C’est alors que la liturgie des Heures, qui nous rassemble ce soir, peut nous apparaître comme un remède inattendu, si l’on veut bien regarder cette liturgie, ainsi que le déclare le liturgiste américain Robert Taft, comme « l’école de prière de l’Église »…
Introduction : La liturgie des Heures, « école de prière de l’Église »
La prière des Heures peut offrir, en effet, à celui qui la pratique fidèlement, non seulement une initiation mais encore une formation permanente à la prière.
Le chanoine Martimort relève ainsi trois raisons très actuelles pour lesquelles la prière des Heures peut être dite une « école de prière » pour l’Église :
Le souci de spontanéité et de sincérité qui caractérise les générations de notre temps semble faire renaître parfois la tendance à opposer la prière personnelle, où le chrétien s’exprime tel qu’il est dans son horizon familier, et la liturgie des Heures, qui lui est proposée toute faite, avec sa trame biblique et sa structure héritée de tant de siècles de la vie de l’Église.
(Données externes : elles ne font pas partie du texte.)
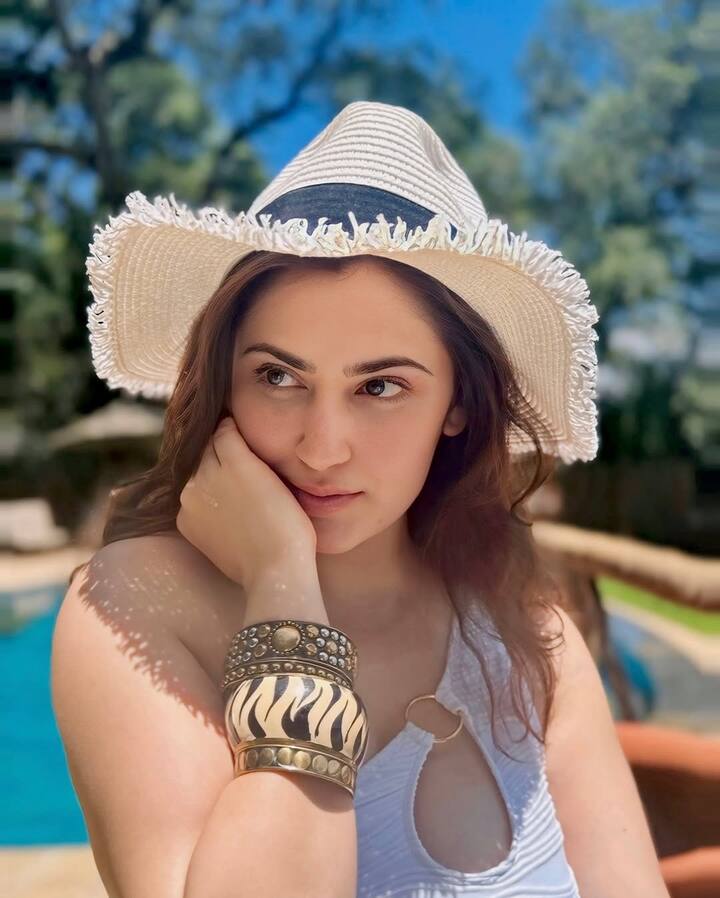 અભિનેત્રી શિવાલિકા ઓબેરોયે ફિલ્મ મેકર અભિષેક પાઠક સાથે લગ્ન કર્યા છે. શિવાલિકાને ફરવાનો ખુબ શોખ છે.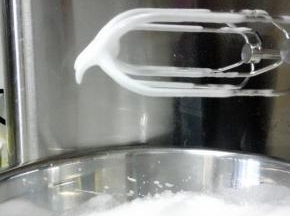 分三次加入细砂糖，快速打到出现纹路状，打至九分发，提起打蛋头有小弯勾的状态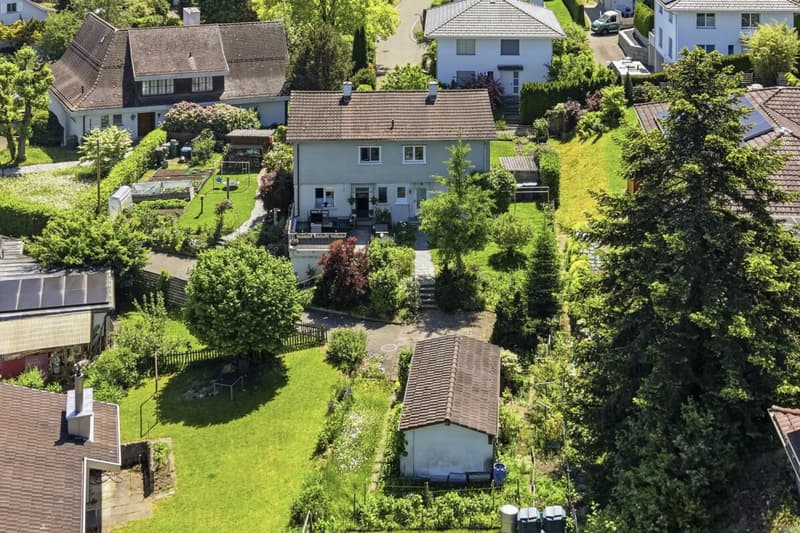 Charming semi-detached house with winter garden and garage in a dream location (46)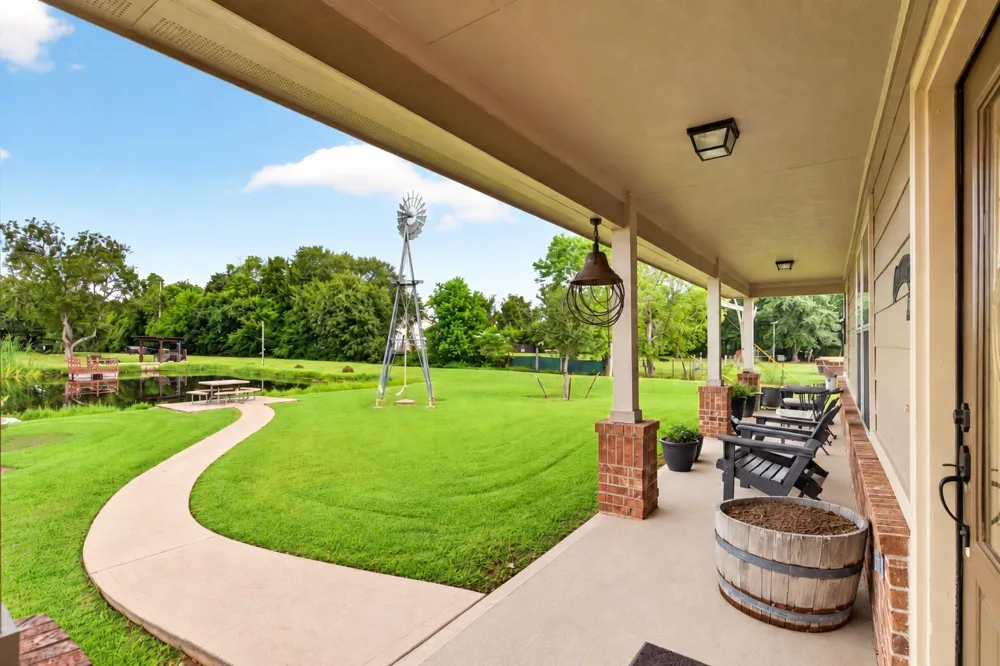 4933 Powers Ln Alvin, TX 77511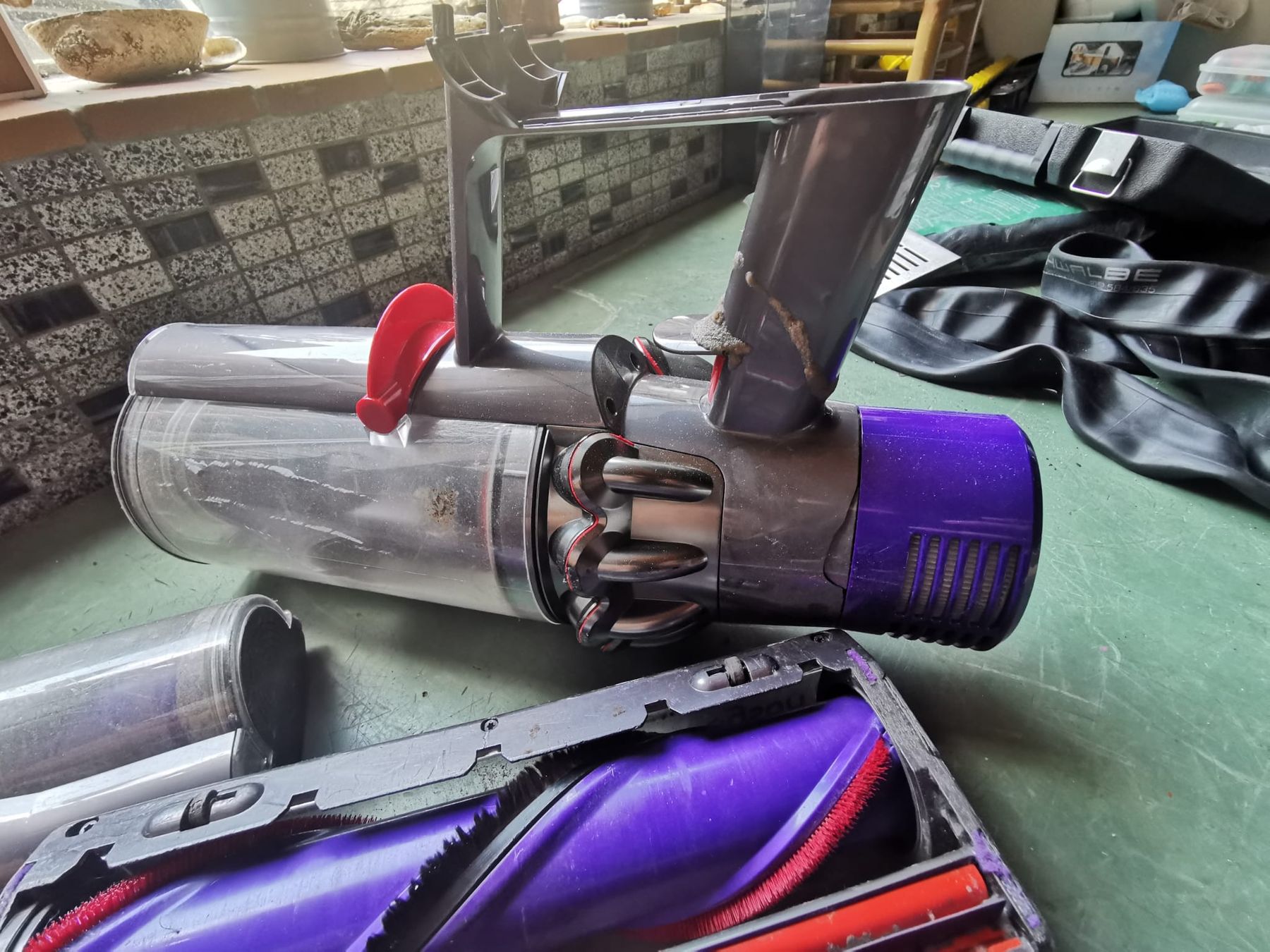 Dyson Staubsauger & Zubehör: Dyson V10 defekt (Ersatzteile) – Defekt aus Auswil von Aragami7 4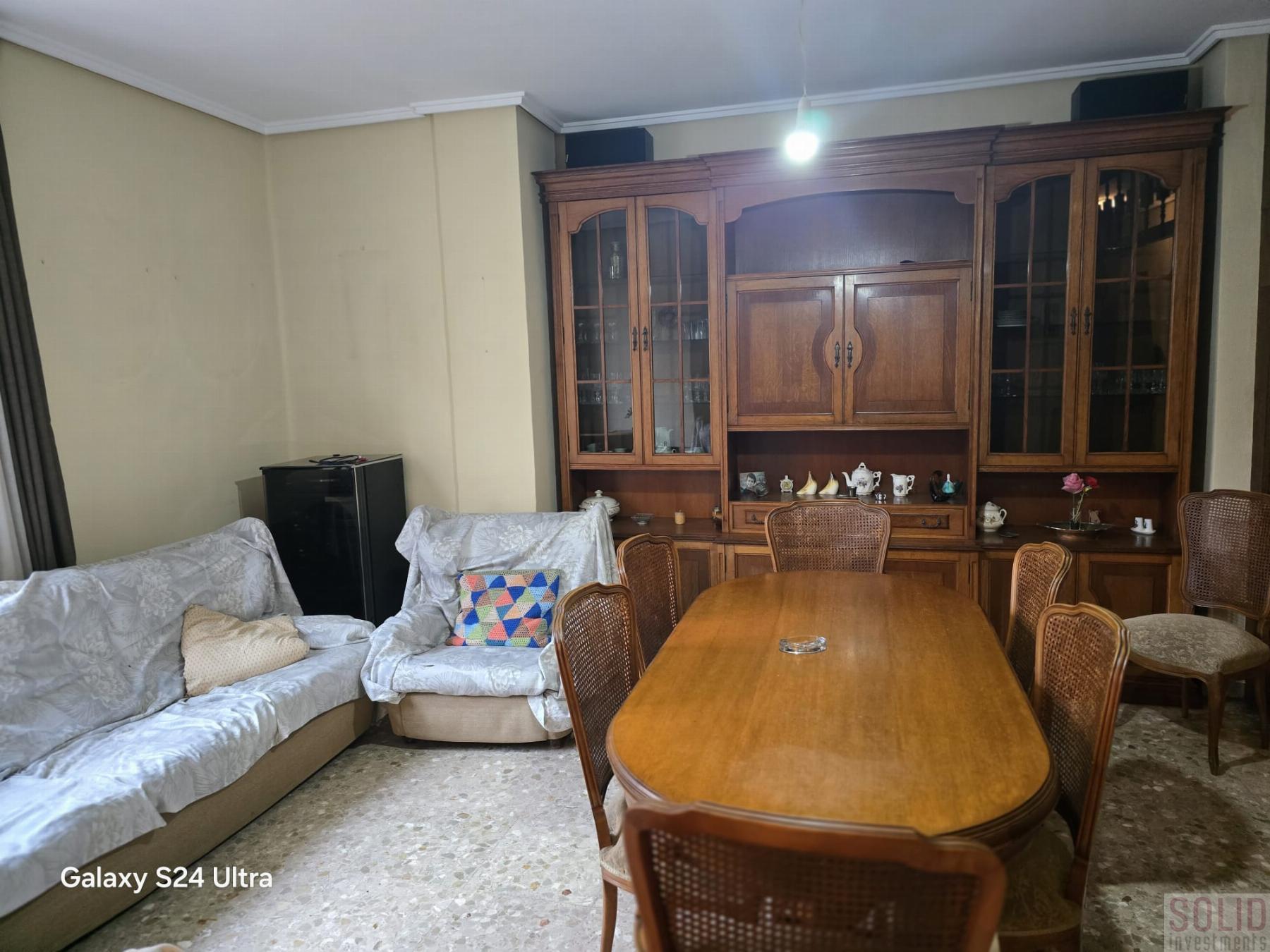 For sale of flat in Valencia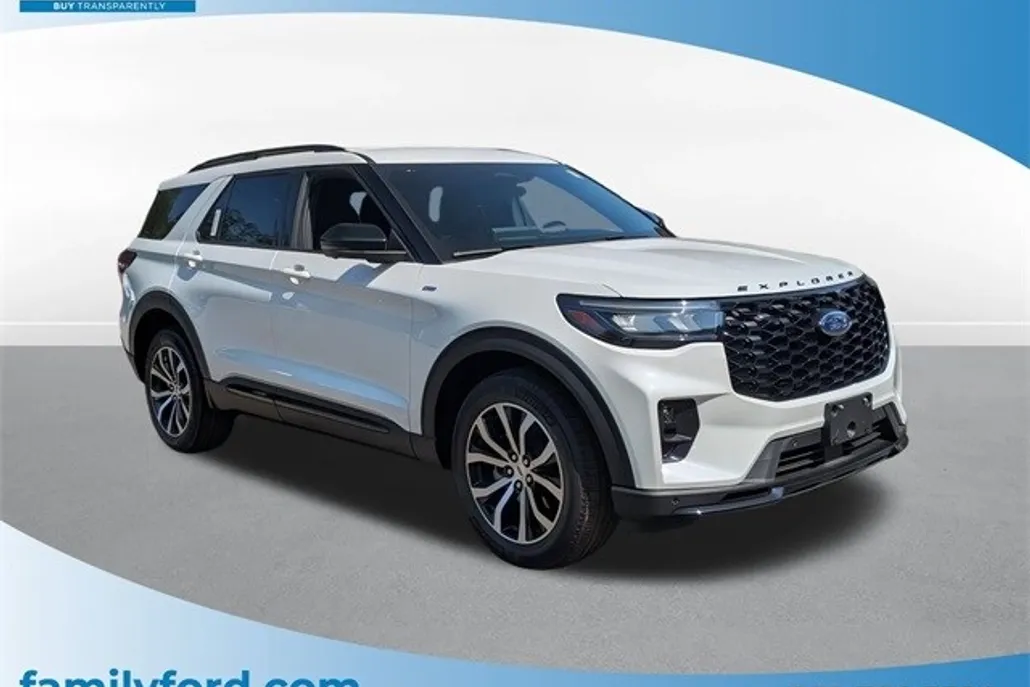 2025 Ford Explorer ST-Line photo 1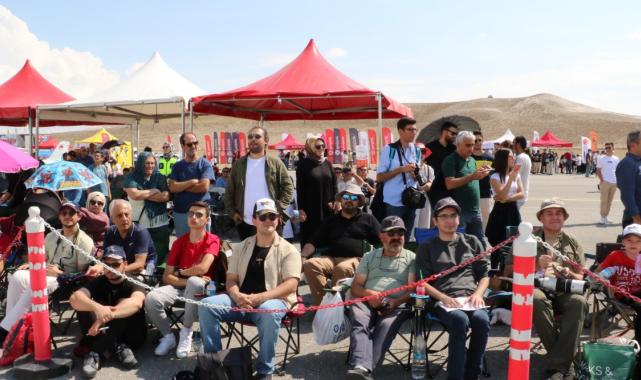 Eskişehir'deki hava şenliği: Akrobasi gösterisi ilgiyle takip edildi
C’est alors qu’il prend conscience concrètement de la vraie nature de la liturgie, parce qu’elle lui demande d’entreprendre un triple dépassement.
a) La liturgie des Heures l’oblige à dépasser son goût personnel pour adopter la prière de l’Église ; même s’il la célèbre seul, c’est bien la voix de l’Église, de la catholica. (…)
b) (…) La liturgie des Heures est une prière qui médite sans cesse l’économie du salut. Cette dimension historique ne permet pas de limiter la perspective au moment présent.
c) Certes l’histoire du salut est pleine des combats du Peuple de Dieu, de ses souffrances, de ses cris d’appel au secours ; et la prière ne cesse de demander la lumière, la force, la vision de Dieu sur la terre des vivants ; mais la liturgie des Heures est primordialement prière d’action de grâce, émerveillement gratuit devant les grandeurs de Dieu, son œuvre de création, sa miséricorde et ses prévenances.
Je voudrais approfondir quelque peu ces trois points qui font de la prière des Heures, pour autant qu’on s’y adonne fidèlement, la véritable école de prière de l’Église :
1. La liturgie des Heures est par essence « prière de l’Église », prière catholique, c’est-à-dire de tout le Corps mystique du Christ. Elle nous libère de l’individualisme, ou du solipsisme spirituel, qui est le poison de la vie spirituelle.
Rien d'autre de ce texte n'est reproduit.